I (sort-of calmly) asked him where on Earth he got that from and why he was saying it. He told me that he thought I was going to scratch him for being naughty (why? I have no idea!), and he meant was I going to that do him, he just worded it very weirdly :wacko: He's such a little divvy :dohh:
I explained to him why he should never say it like that, and obviously that I'm not going to hurt him and touch wood he's promised to talk to me properly if he ever thinks like that again.


----------



## AnneD

Jesus, I'm not looking forward to this. Fair play to those of you who are dealing with it. I'll try to remember this thread for future reference. xx


----------



## JASMAK

Kate&Lucas said:


> Thanks everyone. They'd get you hung wouldn't they :blush:
> 
> He did it again the other night when I was telling him off for something, he started shouting "do you think it's nice to scratch me??"
> I (sort-of calmly) asked him where on Earth he got that from and why he was saying it. He told me that he thought I was going to scratch him for being naughty (why? I have no idea!), and he meant was I going to that do him, he just worded it very weirdly :wacko: He's such a little divvy :dohh:
> I explained to him why he should never say it like that, and obviously that I'm not going to hurt him and touch wood he's promised to talk to me properly if he ever thinks like that again.

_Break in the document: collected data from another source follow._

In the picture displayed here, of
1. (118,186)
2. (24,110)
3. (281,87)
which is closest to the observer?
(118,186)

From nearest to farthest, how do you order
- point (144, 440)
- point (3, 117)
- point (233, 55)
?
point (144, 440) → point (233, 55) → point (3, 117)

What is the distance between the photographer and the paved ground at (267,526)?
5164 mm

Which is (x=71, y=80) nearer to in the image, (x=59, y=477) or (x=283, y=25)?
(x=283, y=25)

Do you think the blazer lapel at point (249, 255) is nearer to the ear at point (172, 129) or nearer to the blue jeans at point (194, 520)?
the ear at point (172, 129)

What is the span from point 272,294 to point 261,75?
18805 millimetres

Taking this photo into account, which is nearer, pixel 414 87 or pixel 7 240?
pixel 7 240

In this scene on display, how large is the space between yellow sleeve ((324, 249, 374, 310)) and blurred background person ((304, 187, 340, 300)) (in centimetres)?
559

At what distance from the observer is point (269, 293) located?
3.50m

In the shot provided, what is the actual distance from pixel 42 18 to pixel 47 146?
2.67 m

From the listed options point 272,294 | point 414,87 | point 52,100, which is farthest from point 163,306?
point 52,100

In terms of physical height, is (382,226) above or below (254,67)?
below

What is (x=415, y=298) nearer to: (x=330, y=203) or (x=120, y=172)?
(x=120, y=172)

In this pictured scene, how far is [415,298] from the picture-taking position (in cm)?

Could he be hearing it from another child? My son once asked me when he was much younger if I was going too give him a ' payback '. Turns out a kid at school taught him that. :(


----------



## Kate&Lucas

Tbh I think it's probably been the kids at nursery telling him about wrestling (apparently they all watch it on TV, yikes!), he often comes home telling me all about it, it sounds pretty violent for a four year old I think it's gotten to him a bit.


----------



## meli1981

My daughter has done this...i always tell her..."do you want to live somewhere else? Cause people will come and take you away if you keep saying these things!" she needs to know that there will be concequences if she tells stories like this! If i raise my voice to her...shell say.."im scared youll hit me!" im like..when have i ever hit you! She just states...never. Ok then!:dohh: she does suffer from anxiety so maybe its from tv...or movies...im not sure!


----------